Elaíze Farias’ phone is buzzing. Sitting at a restaurant in central Manaus, the capital of Amazonas state in Brazil, just weeks before the presidential election, Farias is in demand. She is fielding requests from domestic and international organisations to comment, give lectures and speak on panels about her work as a journalist in the Amazon.
Amid the election buzz, Farias is committed to ensuring her less high-profile stories do not get forgotten. “We want to tell the stories of people who are excluded from mainstream media,” she says.
Farias is the editor of Amazônia Real, a digital media outlet dedicated to telling stories about the violation of Indigenous, environmental and human rights in the Brazilian Amazon, that she cofounded 10 years ago with journalists Kátia Brasil and Liege Albuquerque.
Farias, frustrated by the way traditional journalism perpetuates colonialist mentalities, created Amazônia Real with the goal of doing journalism differently. However, the platform is about more than seeking to tell untold stories about injustice: it is a laboratory for thinking about what a new, post-colonial journalism could look like.
“We keep the basic principles of journalism, like listening to different sides and following a certain code of ethics,” she says about Amazônia Real’s newsroom. “But I see a need to rethink some basic media concepts.”
From an early age, at home in Parintins, a municipality on the banks of the Amazon, Farias was interested in social issues. Of Indigenous origin, she was always passionate about telling stories, often listening to those passed down from her grandparents. But journalism was not her goal.
“Journalism was a way of getting a university degree,” Farias says, noting how challenging it is for a woman from a state school to be admitted to the Federal University of Amazonas. “There was nothing romantic about my choosing journalism.”
While studying, Farias worked as a culture reporter, covering everything from music to art. She fell in love with the craft and by 2003, changed her focus towards social injustice. She increasingly spent time on the streets of Manaus, writing stories about people who struggled to access clean water or electricity. “I learned a lot about myself – and found myself – during this period,” she says.
The more stories about the environment and Indigenous rights Farias worked on, the more concerned she became about the way they were reported. “I became worried that journalism stigmatises Indigenous people,” she says.
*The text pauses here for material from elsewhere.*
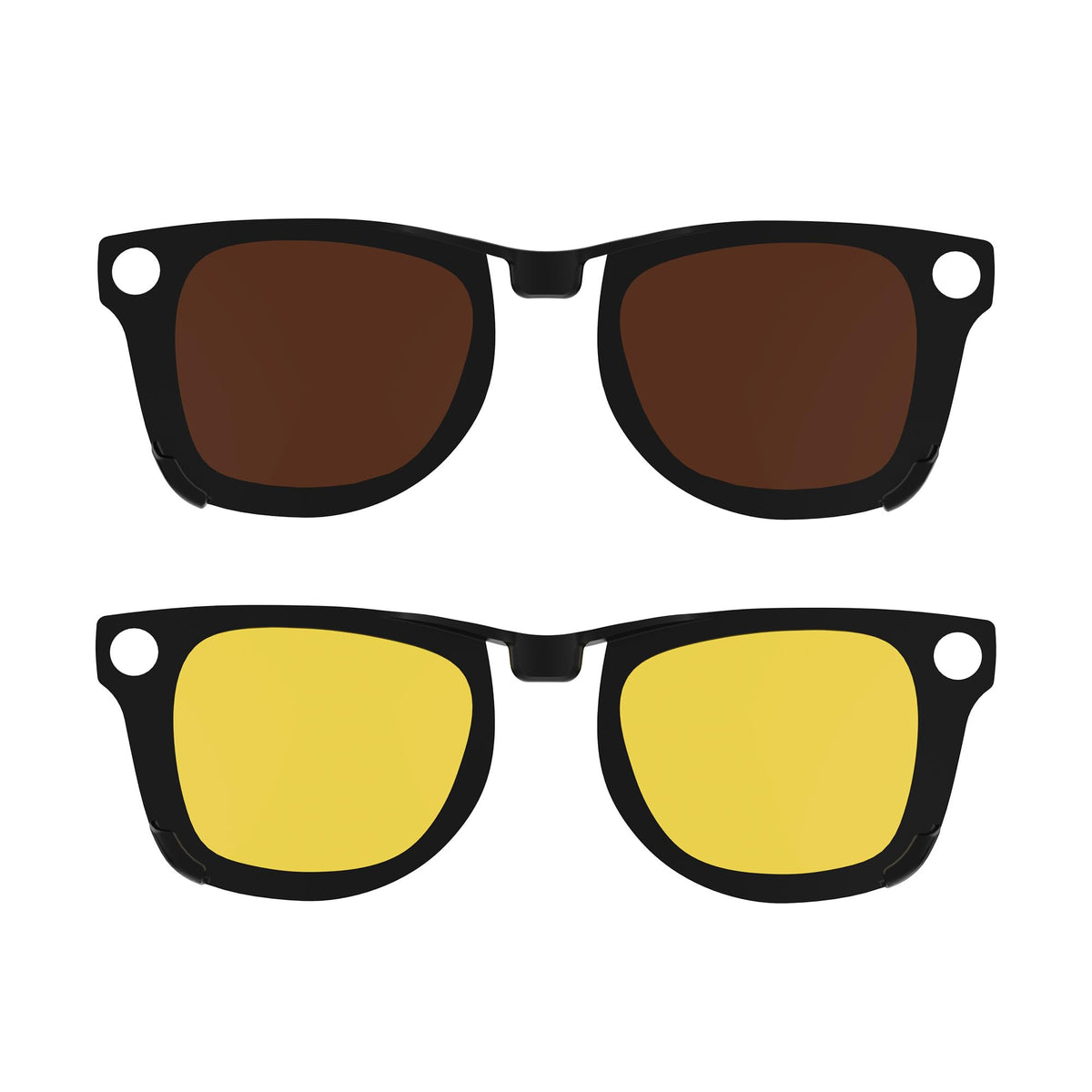HIBLOKS front view clip‑ons on Ray‑Ban Meta Wayfarer showing sleek fit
Farias cringed reading stories that featured what she calls a “panoramic view” of the Amazon, where the region’s diverse cultural groups were collapsed into a monolith. She felt communities were often either left out of the conversation or fetishised. “Outsiders like to make the Amazon exotic, like a theatre,” she says. “They want to wow people. They want something they can sell.”
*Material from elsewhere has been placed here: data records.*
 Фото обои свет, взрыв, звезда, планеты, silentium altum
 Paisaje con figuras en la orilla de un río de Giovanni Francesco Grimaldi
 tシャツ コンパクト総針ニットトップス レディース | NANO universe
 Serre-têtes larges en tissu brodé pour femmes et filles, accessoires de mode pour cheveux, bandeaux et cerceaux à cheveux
So, in 2013, Farias, with Brasil and Albuquerque, established Amazônia Real, dedicated to underreported stories about the Amazon. With no initial financial help, it was essential to Farias and Brasil that they make no compromises by hosting sponsored content on the site or accepting money. “We don’t want people to think that we have an allegiance to anyone who isn’t the public,” Farias says.
But what sets Amazônia Real apart is not just the stories it tells, but how it tells them.
This starts with breaking what Farias calls the “myth of neutrality” in journalism. She doesn’t believe objectivity is possible, given that all journalists have worldviews that inevitably shape how they tell stories. Meaning, she says, western ways of understanding the world are assumed to be “neutral” but centre on economic logic – often missing the mark when it comes to the Amazon.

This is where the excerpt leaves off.